PS: Holy crap! For the first time in my 40+ year career I have clicked-thru from a semi-relevant article about Rust on a micro p̵r̵o̵c̵e̵s̵s̵o̵r̵ controller to a reference about the...[RCA] COSMAC VIP (in the form of this dude's effort to get CHIP-8 running on LLVM-MOS). Do you have any idea how many lawns I had to mow to buy one of those? It was a big disappointment (over my ELF and SuperELF) too! ROFL
Together with https://github.com/nrf-rs/nrf-hal these enable most everything one can do on these controllers form pure Rust (the softdevice is a blob with a C-SDK that's wrapped in rust though)
That is so cool. I saw some posts about LLVM-MOS a while ago, but at that point I thought it would be just another in a fairly long list of attempts to try and get LLVM to output 6502 instructions.
I never expected it to come together this well! Especially considering that the author of the article mentions there were so many issues with LLVM-AVR, you'd expect them to exist in LLVM-MOS as well. Apparently not! I guess the code quality will only improve from here on out, the loop at the bottom of the article does seem like it is not as optimal as it could be :)
Up until just a few weeks ago, 100% of the codegen work we've put into LLVM-MOS has been to get it feature-complete and rock-solid. It's awesome to see that that work has paid off!

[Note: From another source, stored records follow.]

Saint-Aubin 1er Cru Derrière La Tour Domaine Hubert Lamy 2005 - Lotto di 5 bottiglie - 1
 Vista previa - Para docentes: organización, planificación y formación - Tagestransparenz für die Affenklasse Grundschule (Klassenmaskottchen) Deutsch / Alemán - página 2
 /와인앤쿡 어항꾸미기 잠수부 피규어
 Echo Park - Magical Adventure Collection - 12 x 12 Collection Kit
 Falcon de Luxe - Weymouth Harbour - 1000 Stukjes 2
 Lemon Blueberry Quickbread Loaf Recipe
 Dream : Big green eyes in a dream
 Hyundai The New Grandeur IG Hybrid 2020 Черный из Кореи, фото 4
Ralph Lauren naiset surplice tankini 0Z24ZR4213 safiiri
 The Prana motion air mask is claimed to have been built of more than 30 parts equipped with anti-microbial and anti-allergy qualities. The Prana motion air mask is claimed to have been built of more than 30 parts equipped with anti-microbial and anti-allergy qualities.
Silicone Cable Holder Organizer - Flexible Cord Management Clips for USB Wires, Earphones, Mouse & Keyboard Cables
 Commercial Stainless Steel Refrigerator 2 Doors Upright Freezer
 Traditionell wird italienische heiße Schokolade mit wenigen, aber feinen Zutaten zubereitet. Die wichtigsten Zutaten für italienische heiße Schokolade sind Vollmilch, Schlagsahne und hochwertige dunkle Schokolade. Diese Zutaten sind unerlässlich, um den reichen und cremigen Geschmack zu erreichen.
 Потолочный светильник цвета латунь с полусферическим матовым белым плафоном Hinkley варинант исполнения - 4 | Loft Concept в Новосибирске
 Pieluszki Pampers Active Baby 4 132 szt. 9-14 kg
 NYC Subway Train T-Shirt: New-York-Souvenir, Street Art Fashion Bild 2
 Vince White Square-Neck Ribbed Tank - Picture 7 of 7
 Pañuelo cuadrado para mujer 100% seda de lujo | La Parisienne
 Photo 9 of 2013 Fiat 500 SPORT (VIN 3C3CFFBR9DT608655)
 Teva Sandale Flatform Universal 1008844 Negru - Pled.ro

We're just now starting to really optimize the compiler; there's definitely a long road ahead of us, but our preliminary investigations suggest that we'll be able to get the thing to emit really quite good 6502 assembly.
Right now, it emits near-garbage in a large number of common cases, as seen in the article. This is mostly due to technical debt intentionally accrued while getting the thing working, though; we did stuff like use the default LLVM lowering for comparisons, which are ridiculously trash on the 6502. But there's only really a couple major technical hurdles left to overcome; everything else is just painstakingly teaching LLVM what the best 6502 assembly patterns are for various situations.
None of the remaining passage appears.